Several banking apps also let you see what your money is being spent on – for example, how much you’re spending on train travel, food shopping or clothes. If you need to, you can then try to adjust how much you’re spending on certain items in order to make your money go further.

When you assess your spending, ask yourself the following questions:

  • What are you spending money on which you could cut back on?
  • What do you normally buy which you could get cheaper?
  • Are you spending money on things you don’t use – such as a gym membership or a magazine subscription?
  • Could you supplement your income? For example, could you sell any unwanted items online?

Saving money while you’re raising a family

Depending on how old your children are, you can all work together to help save money.

  • To cut the cost of your electricity bill, turn off lights and radiators in rooms you’re not using
  • Air-dry your clothes
  • Take showers, not baths, and pop on a jumper if you’re feeling a bit chilly
  • Visit the library to borrow books, films and music

There’s plenty that parents can do to cut costs, too:

  • Make sure you take advantage of any income support you’re entitled to
  • If you’re planning a day out, a cinema trip or a family meal, look online for vouchers and deals
  • If you travel by train frequently, a Family & Friends railcard can cut kids’ travel costs by up to 60%
  • Eat at home as often as you can and make packed lunches for the family
  • Stock up on post-Christmas deals – plenty of shops offer hugely-discounted deals which you can then use as birthday presents throughout the year

Planning for the future

Even if you’re feeling confident about your finances, it’s a good idea to try and save as much money as you comfortably can. If your family’s wellbeing is your responsibility, you may need to do some planning to secure your future.

Try to save enough money to cover your family outgoings for three months, just in case something unexpected happens – such as being made redundant. This amount should include the normal amount you spend on rent/mortgage, bills, food and travel.

Don’t give up on saving money – even if you can only set aside a few pounds a week. Over time, you’ll be able to build an emergency fund which will reduce your stress levels if you suddenly need some extra income.
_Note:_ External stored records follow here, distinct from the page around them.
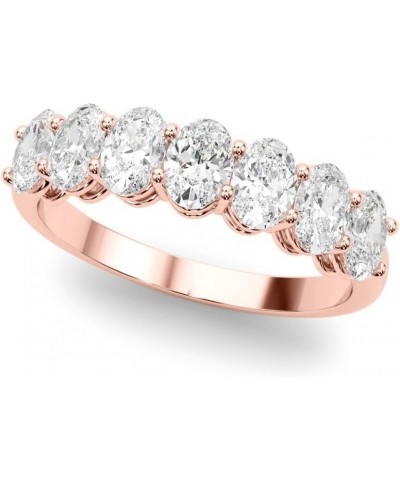 1 Carat & 2 Carat Oval Lab Grown 14K Diamond Seven Stone Anniversary Band for Women (F-G/VS-SI) 8 2 Carat Rose Gold $391.14 R...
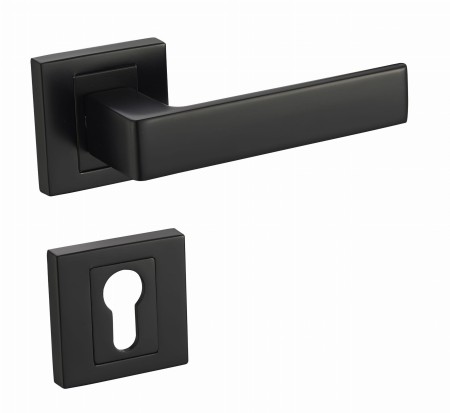 Klamka Apollo KAO B00 czarna szyld kwadratowy Infinity Line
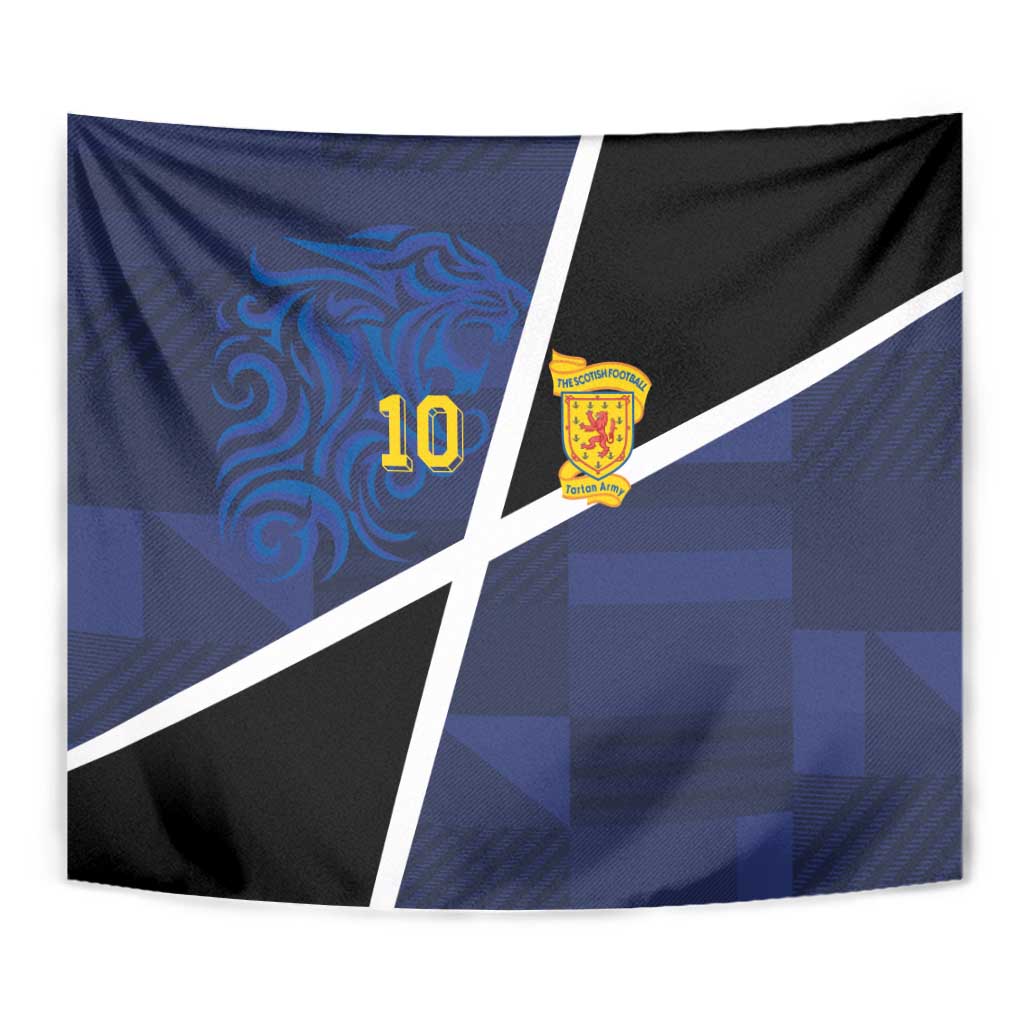 Custom Scottish Football Tapestry Lion and Tartan Patchwork Pattern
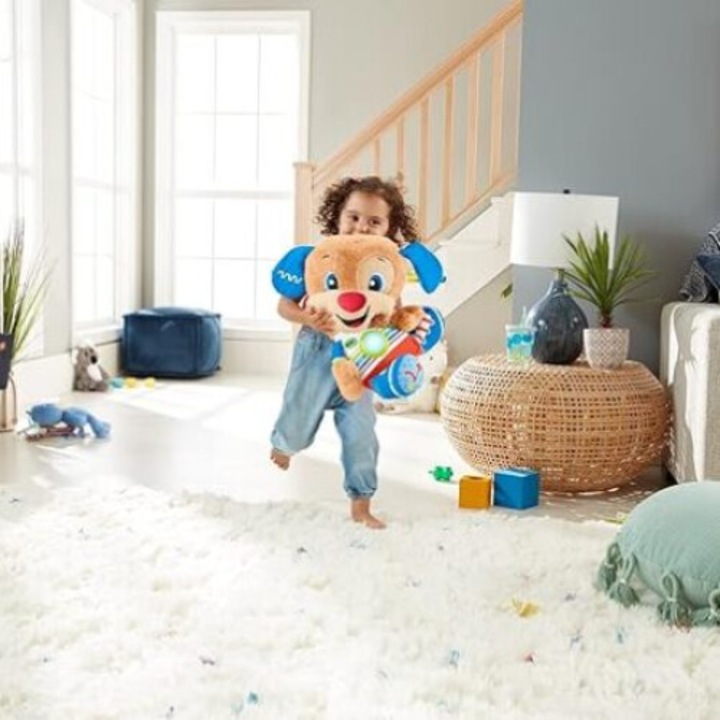 Catelus interactiv, Fisher Price, Invata si razi, limba germana, 40 cm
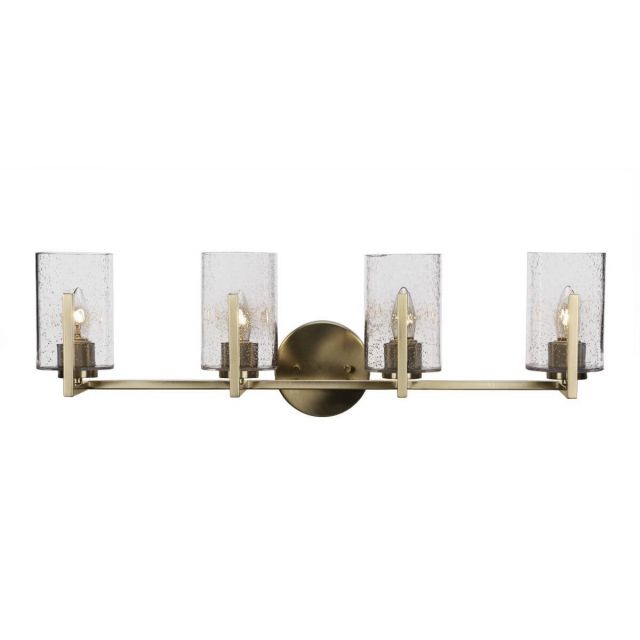 Toltec Lighting Atlas 4 Light 29 inch Bath Bar in New Age Brass with Clear Bubble Glass 4514-NAB-300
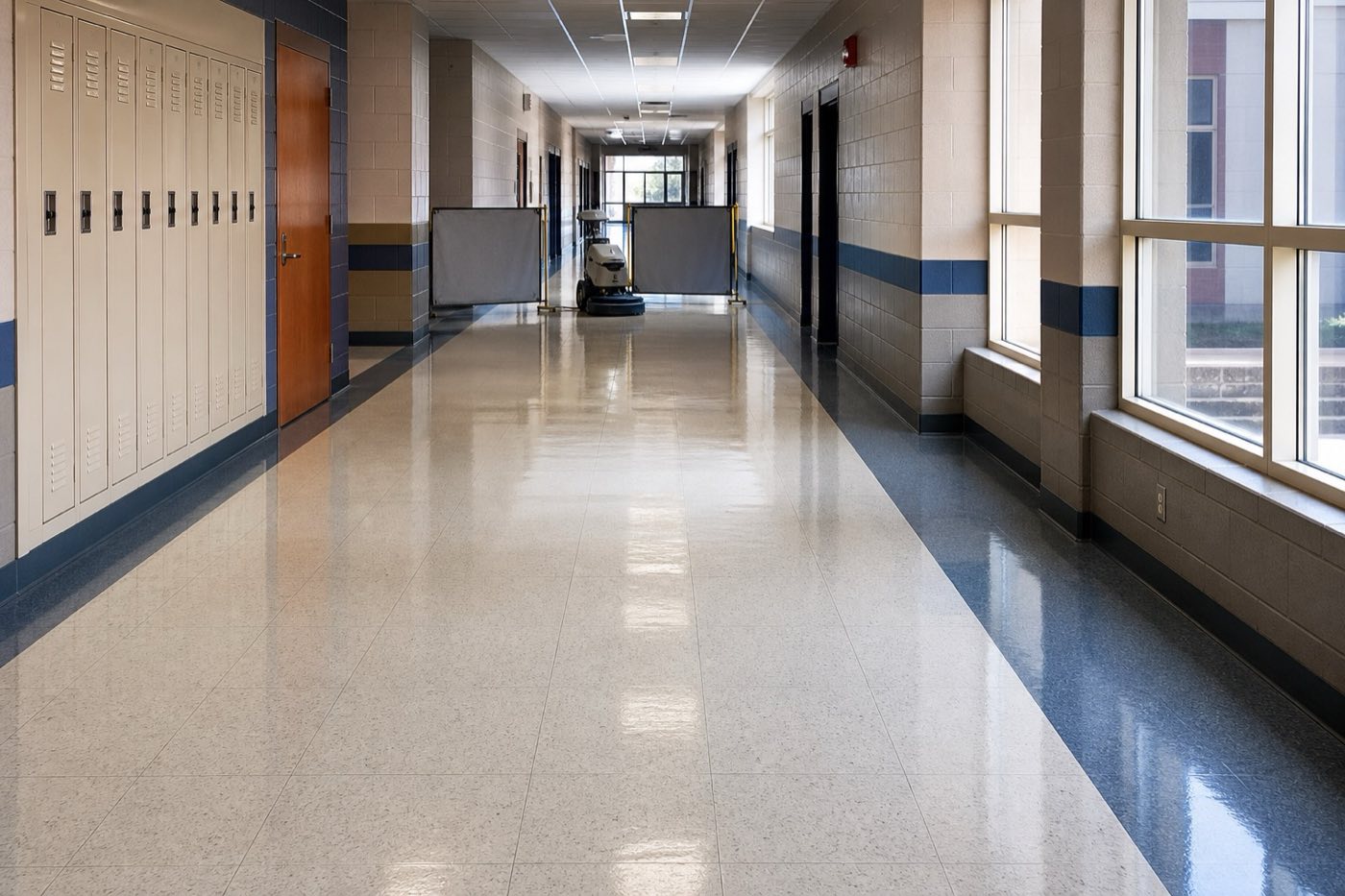 Empty generic public-school corridor prepared for a summer floor-care shutdown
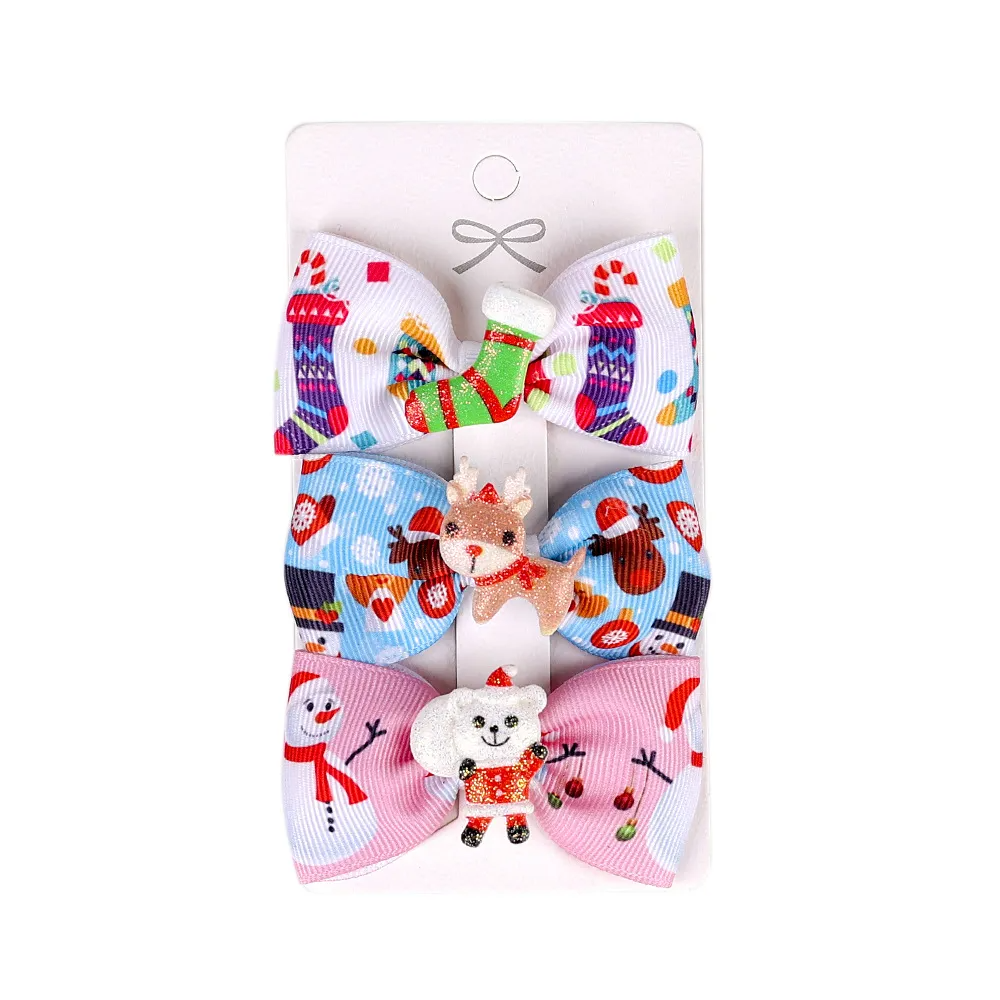 Kids Christmas Bow Hairpin Elk Print Clip Three-Piece Paper Card Set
Talk to your ex-partner about money

Depending on your circumstances, you could set some time aside to speak to your ex-partner about the shared cost of raising your family and ask them if they would feel comfortable with contributing towards bills or rent/mortgage payments.

This is called Child Maintenance and it’s possible for you and your ex-partner to set up your own arrangement if you’re on good terms.

However, if you can’t agree, impartial bodies such as Child Maintenance Options can give you support and guidance.